Something with a bow I tied

All the Christmas gifts are made or bought or delivered or put in the correct reciprocals. Except one. I don’t have anything for James. Why is it such a problem? Something is -stopping- me from just sending him a gift. I made a box. I went through my top drawers and pulled out various odds and ends (metals I’ve won and stray trading cards once collected and little glass things and letters long unread and objects of more or less symbolism) and put them all in a box as a sort of ‘rummage through my things’ and I really thought it was a great gift idea. It’d be giving a part of myself. Something that didn’t just cost money. And he’d like it, really. I guess. But I didn’t send it. I don’t know why. Maybe I’d like to be there to explain it all. Maybe it’s just too sentimental. My mother’s idea was a blue linen man’s shirt of mine. It’d bring out his eyes. It was mine, but it’s not so horribly sentimental as expecting him to appreciate my old junk. But I know he’ll understand the box some day. It’s the idea of not giving him a Christmas gift that’s got me worried. Maybe I should just buy something. Anything. Something with a bow I tied.

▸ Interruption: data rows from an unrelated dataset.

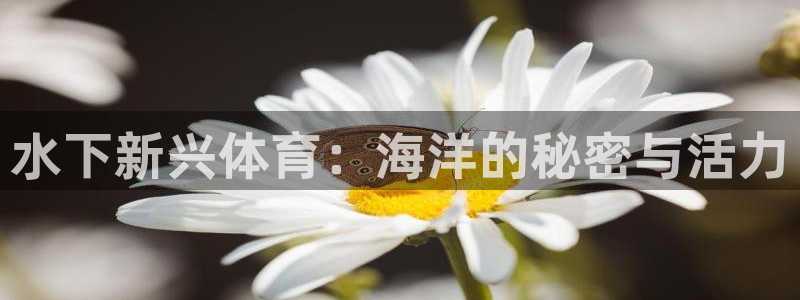 必一运动bsport体育：水下新兴体育：海洋的秘密与活力
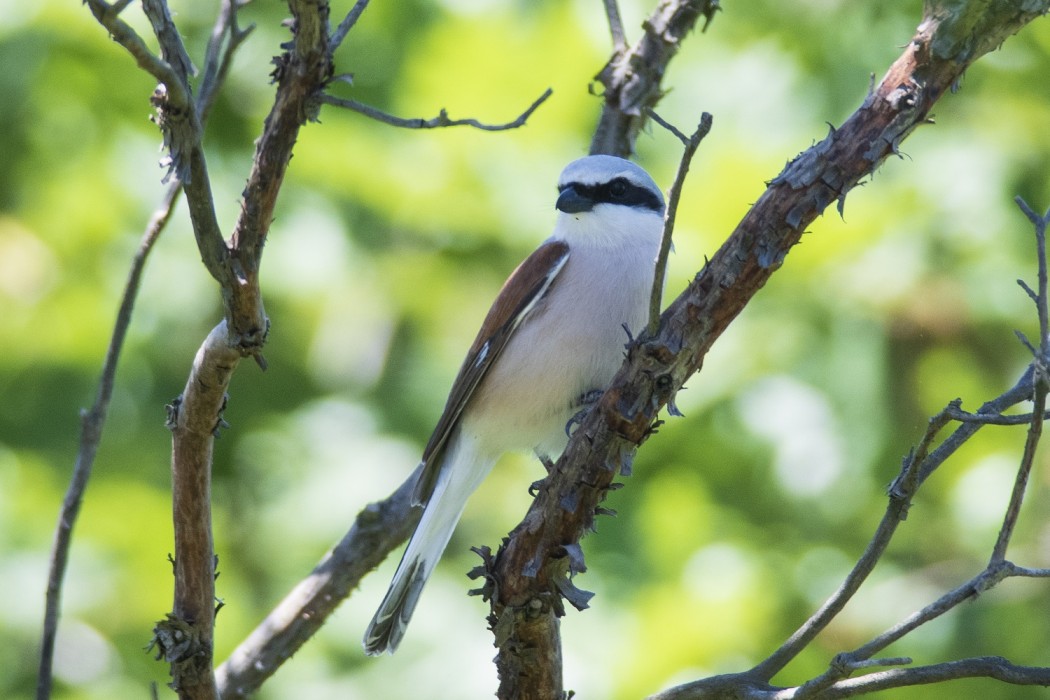 Kızılsırtlı örümcekkuşu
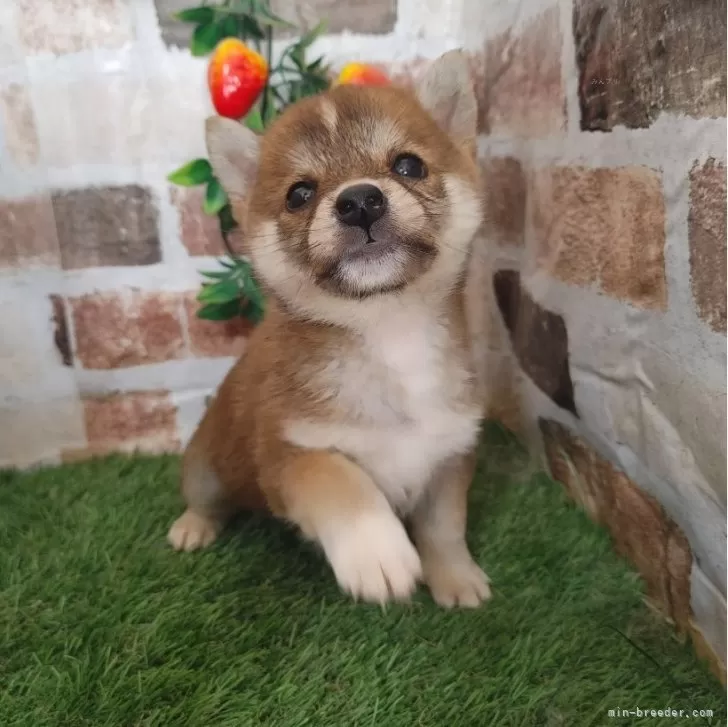 ID:2411-00097の子犬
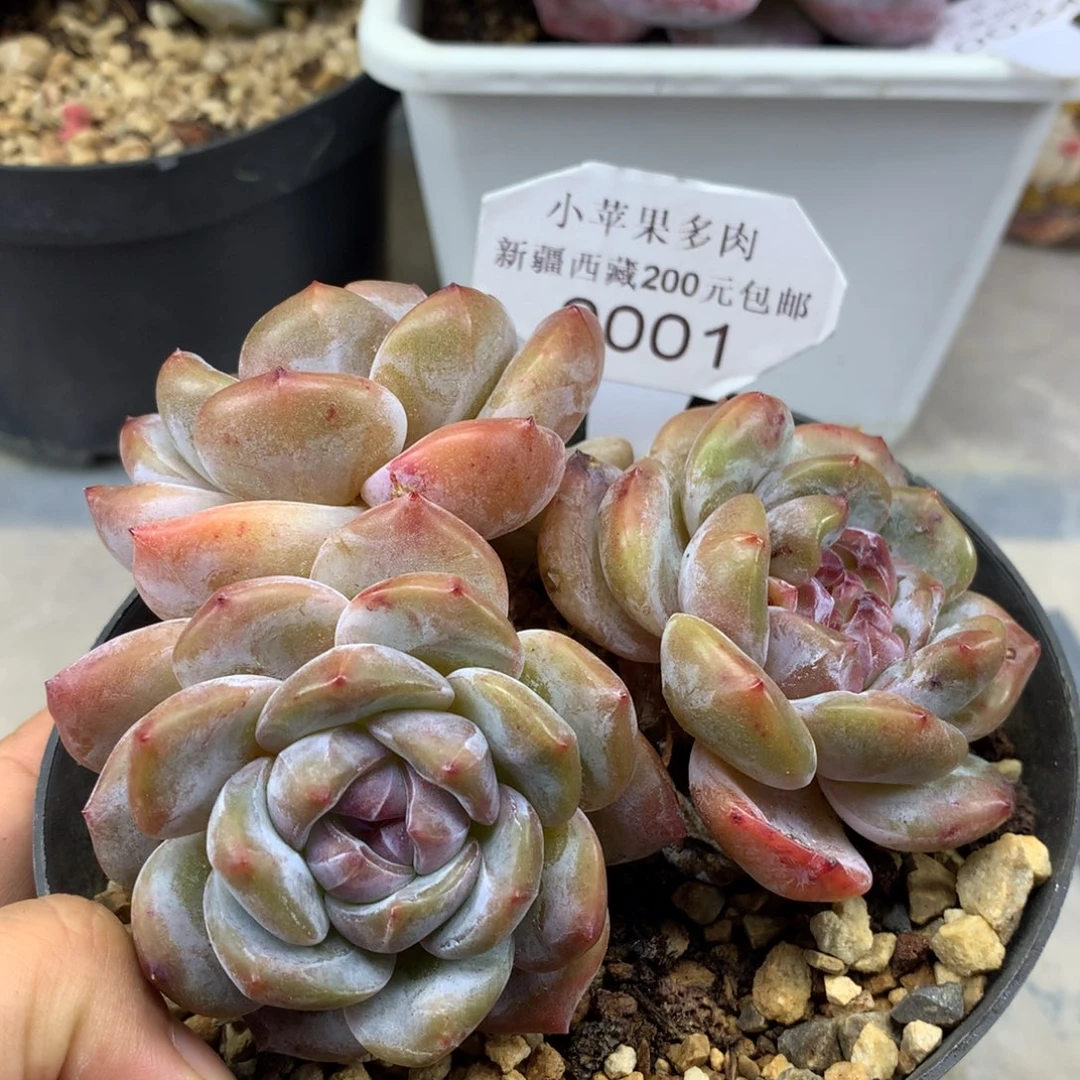 绿底紫心001/11cm3头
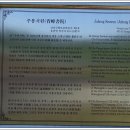 강진5호 이미지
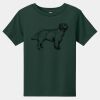 Toddler Short Sleeve Tee Thumbnail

Earlier I finalized my shopping for Christmas Eve night at my grandfather’s house at Pier 1 in Savannah. I bought “antique” wire storage baskets and decorative glass gems and water colors with glitter in them. The glitter paint is for my younger half-sister, Emma. The daughter of a dance teacher, she’s just beyond amazing. She lives like a star in her own ballet and is so sweet and lovely and such a girl. Pretty was invented for people like her.

I was just thinking about the first time Jennifer came to visit me. We went to Atlanta and stayed at the Marriott and Lenox and shopped at the Lenox Square Mall and ate Caesar salad at the hotel restaurant and all that yummy stuff. We didn’t do anything like that this last time. (We went to the Claxton Goodwill store.) What brought this to mind was my mother’s and my plan to head off to the Ritz Carlton for a night if our combined sum of monetary Christmas gifts is enough (shh.. it’s a secret). Fancy hotels are the closest thing to paradise on earth. I’m not kidding. There is -nothing- better than a great hotel. Nothing.

On the way home from Savannah the child sat the entire length of the ride on the other side of the mirror. She didn’t look straight at me as if this were the usual thing. A blur fell about her in such a way that I knew her thoughts were radial. The child sat there thinking hard about thinking. She couldn’t figure out if she’d ever thought before. Was she thinking then? We couldn’t answer her questions so the answers must all be no. I was only in her peripheral, though.

Charity and Emily are coming over tomorrow bearing gifts. I’m excited. I don’t have very many friends at school. Especially not those willing to spend money on me. This is indeed classy.